Blast injury, such as that seen with improvised explosive devices in the wars in Iraq and Afghanistan, has its own unique wounding pattern and mechanisms. The overall mechanism is a combination of blunt force trauma, penetrating fragment injuries, and potentially thermal injury. Blast injuries in modern combat series now outnumber standard gunshot wounds and account for 73% of vascular injuries among wounded soldiers. Blast effects are classified as primary (direct blast pressure), secondary (penetrating fragments), tertiary (collision with objects or vehicles), and quaternary (thermal injury). The relative distribution of each varies by type of explosive, enclosed versus outdoors, and presence of protective equipment. The majority of vascular and other injuries are due to secondary and tertiary blast effect (81%). Blast-induced extremity vascular injury with coexisting fracture is associated with a 50% amputation rate with attempts at limb salvage and a 77% amputation rate overall.21 Blast injuries may also occur with civilian incidents such as terrorist bombings, and vascular injuries have been identified in up to 10% of victims.



Vascular Injury Classification and Scoring


The ideal vascular injury classification and scoring system has yet to be developed, probably because of the wide variation in traumatic vascular disease and associated outcomes. Standard injury scoring systems such as the Injury Severity Score and the Revised Trauma Score have been shown to significantly underestimate mortality among patients with major vascular injury.
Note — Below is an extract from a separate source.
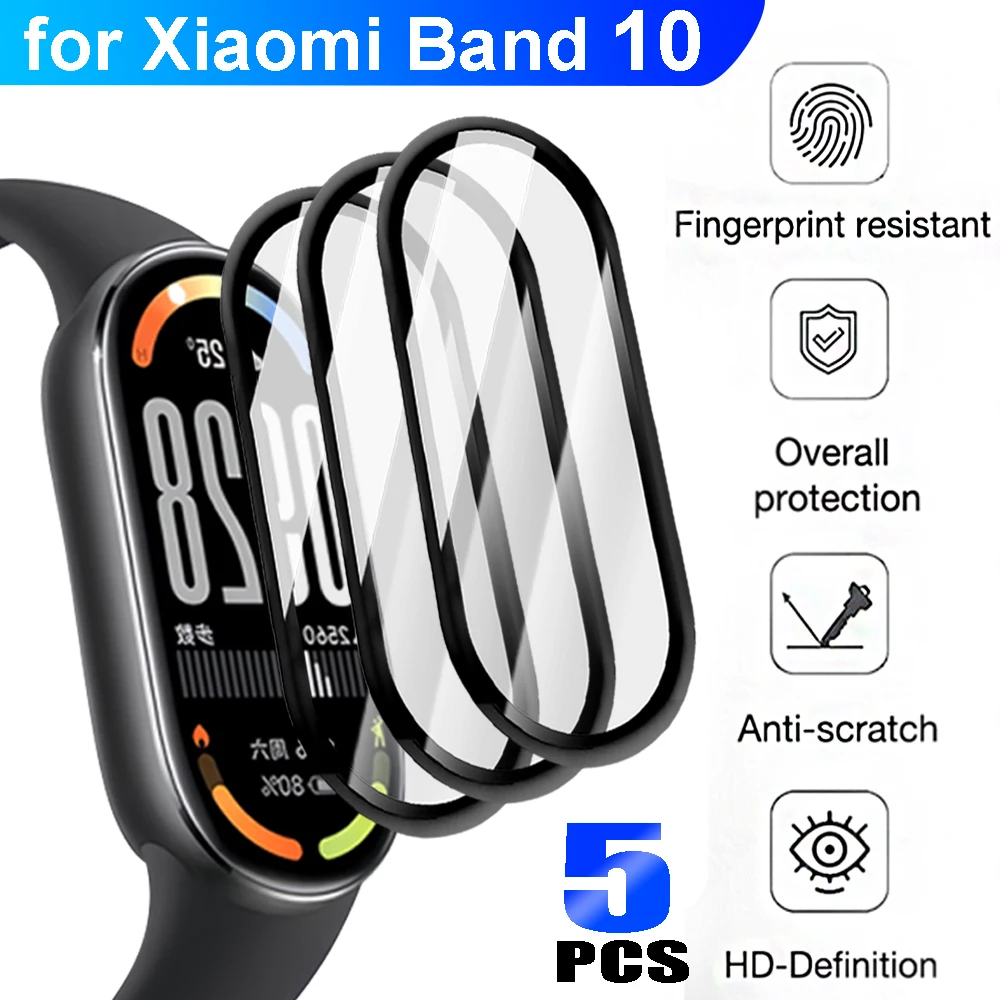 

1/2/3/5 шт. защитная пленка для экрана для Xiaomi Band 10 HD, защитная пленка с полным покрытием и защитой от царапин для Xiaomi Band 10, а не стекло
For battlefield or combat-related vascular trauma, it is probably most useful to categorize injuries according to a three-tiered system based on the wound location and ability to achieve hemorrhage control. This system can also easily be applied to civilian vascular trauma. Peripheral or extremity wounds (tier 1) are located distal to the axillary artery or vein (upper) or common femoral artery or vein (lower) and are responsible for the smallest percentage (14%) of modern battlefield deaths due to bleeding.22 This has largely been attributed to the widespread distribution and use of tourniquets or pressure packing, performed in 56% of combat casualties. Proximal groin or axillary wounds (tier 2) are now categorized as junctional wounds and are often not amenable to either direct pressure or tourniquets. This has led to the development and wide deployment of advanced hemostatic dressings and the search for junctional hemorrhage control devices.22 The third category (tier 3) is intracavitary wounds to the thorax or abdomen and pelvis, resulting in noncompressible truncal hemorrhage (NCTH). This has been identified as the most difficult and deadly source of hemorrhage on the battlefield, and NCTH has been identified as the etiology in 67% of battlefield deaths from hemorrhage.22 This categorization scheme is most useful for penetrating or battlefield trauma, but it can be applied to any vascular trauma with associated hemorrhage.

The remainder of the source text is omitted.